Chuck continued without pausing for breath: “I don’t think I need to tell you again how important it is that you turn that place around as fast as you can.”
“No, sir, you don’t. I’m on it.” Des suddenly noticed that his office seemed very warm and that he’d starting sweating.
“Good to hear. Not to put too fine a point on it, but I will anyway. I’m giving you six months, maybe eight, to show real progress, especially on raising revenues and cutting costs, understood?”
Des swallowed silently but hard, and his upbeat mood burst like a soap bubble. That’s not a lot of time, he thought. Still, he was pretty confident in himself: “I can do it, boss.”
“OK, good, because if you don’t, you’ll be gone as fast as the guy you just replaced, got it? Sorry to be so blunt, but this is business.”
Des took a deep breath and replied in his most serious, mature, and deepest CEO voice: “Absolutely. I understand.”
“Good! Well then, have fun!” Chuck hung up without saying goodbye. Des exhaled very slowly through his lips, like a horse, greatly relieved to be done with that particular call.
Rita popped her head in the door. “I’m sorry to interrupt, Mr. Hogan..”
“Rita, where’ve you been?” he snapped a bit too harshly, venting his frustration with Chuck on her. “I had to answer my own frickin’ phone.”
“I’m really sorry, Mr. Hogan,” she said, looking genuinely crestfallen, “I was in the restroom and when I came back you were on the phone with Mr. Morton. So I went to tell everyone in the conference room that you’d be there as soon as you were done.”
“Right!” Des said, jumping up and acting as if he hadn’t been completely distracted by Chuck’s call. “OK, good.”
“My pleasure, Mr. Hogan,” she said, her mood brightening.
Des grabbed his cell phone and notes for his meeting with his leadership team and headed out of his office. On his way into the hall, he stopped. “Um, Rita, why do you keep calling me Mr. Hogan?”
“Well,” she stammered, “I just thought, out of respect, that I should.”

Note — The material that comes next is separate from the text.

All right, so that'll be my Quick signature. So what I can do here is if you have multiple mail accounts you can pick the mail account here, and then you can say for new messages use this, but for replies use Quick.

“OK, that’s great. But from now on, just call me Des. OK?”
“Yes, Mr… um.. Des.”
“Great.” Des charged energetically out of the reception area and turned left in the hallway heading away from the lobby. Glancing at the walls and ceiling as he walked, he flashed back to his first impressions of the building when he visited a few weeks before. It was old and tired, with furnishings that looked like they were bought during the Reagan Administration. Disappointed, he’d immediately asked Rita to order a new executive chair and made a mental note to consider selling the place and relocating down to where the real action was, near the University of California at San Diego, surrounded by a rash of biotech and medical device companies.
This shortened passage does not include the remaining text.